→ **WHAT TO DO**
The copy should hold exactly the lines below from the one that contains "I have the test" through the one that contains "The box plots" and nothing else, so no pictures.

━━━ TASK DATA

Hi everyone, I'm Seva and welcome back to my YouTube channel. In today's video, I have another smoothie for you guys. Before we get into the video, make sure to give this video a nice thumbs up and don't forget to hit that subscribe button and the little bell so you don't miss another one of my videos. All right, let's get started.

━━━━━━
━━━ TASK DATA

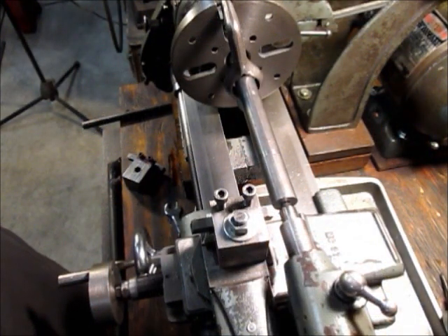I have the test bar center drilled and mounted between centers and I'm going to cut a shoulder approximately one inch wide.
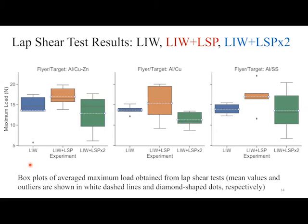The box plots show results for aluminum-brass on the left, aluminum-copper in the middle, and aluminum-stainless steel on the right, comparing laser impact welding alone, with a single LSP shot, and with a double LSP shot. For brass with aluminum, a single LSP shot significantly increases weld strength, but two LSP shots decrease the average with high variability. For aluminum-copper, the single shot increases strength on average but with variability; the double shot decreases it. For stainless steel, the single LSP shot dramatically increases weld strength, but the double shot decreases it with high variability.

━━━━━━

→ **ANSWER TO THIS PROBLEM**
I have the test bar center drilled and mounted between centers and I'm going to cut a shoulder approximately one inch wide.
The box plots show results for aluminum-brass on the left, aluminum-copper in the middle, and aluminum-stainless steel on the right, comparing laser impact welding alone, with a single LSP shot, and with a double LSP shot. For brass with aluminum, a single LSP shot significantly increases weld strength, but two LSP shots decrease the average with high variability. For aluminum-copper, the single shot increases strength on average but with variability; the double shot decreases it. For stainless steel, the single LSP shot dramatically increases weld strength, but the double shot decreases it with high variability.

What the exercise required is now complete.